DATA EXCERPTS section start

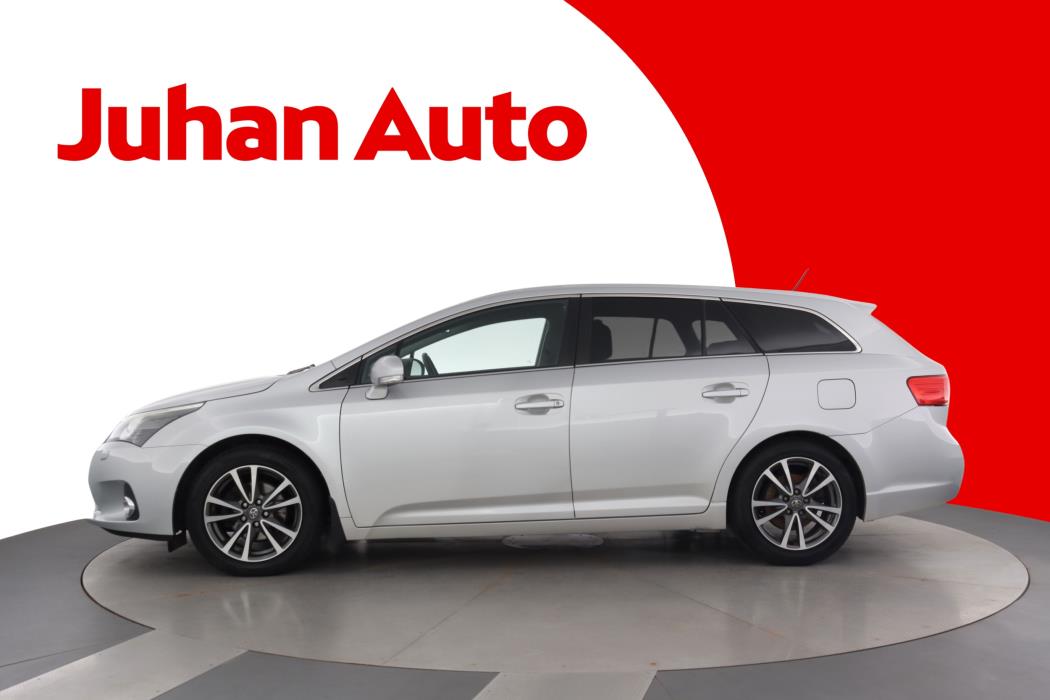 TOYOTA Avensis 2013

DATA EXCERPTS section end
DATA EXCERPTS section start

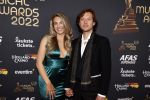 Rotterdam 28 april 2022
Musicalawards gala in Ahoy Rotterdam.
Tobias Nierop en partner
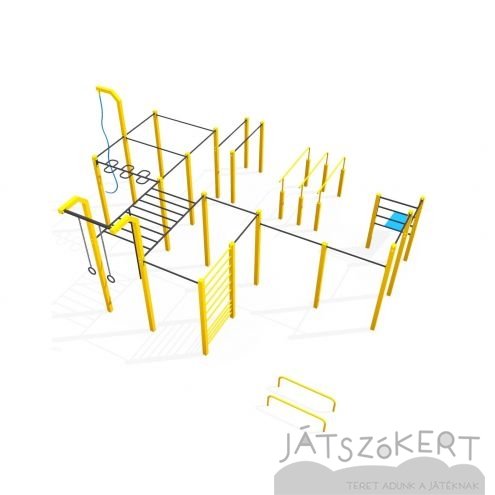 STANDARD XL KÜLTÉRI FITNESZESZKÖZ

DATA EXCERPTS section end

WHAT YOU WILL DO:
From the records above, copy exactly the stretch from the line holding "Tobias Nierop en partner" through the line holding "STANDARD XL KÜLTÉRI FITNESZESZKÖZ", both ends included, without the pictures.

WRITTEN RESPONSE:
Tobias Nierop en partner
 STANDARD XL KÜLTÉRI FITNESZESZKÖZ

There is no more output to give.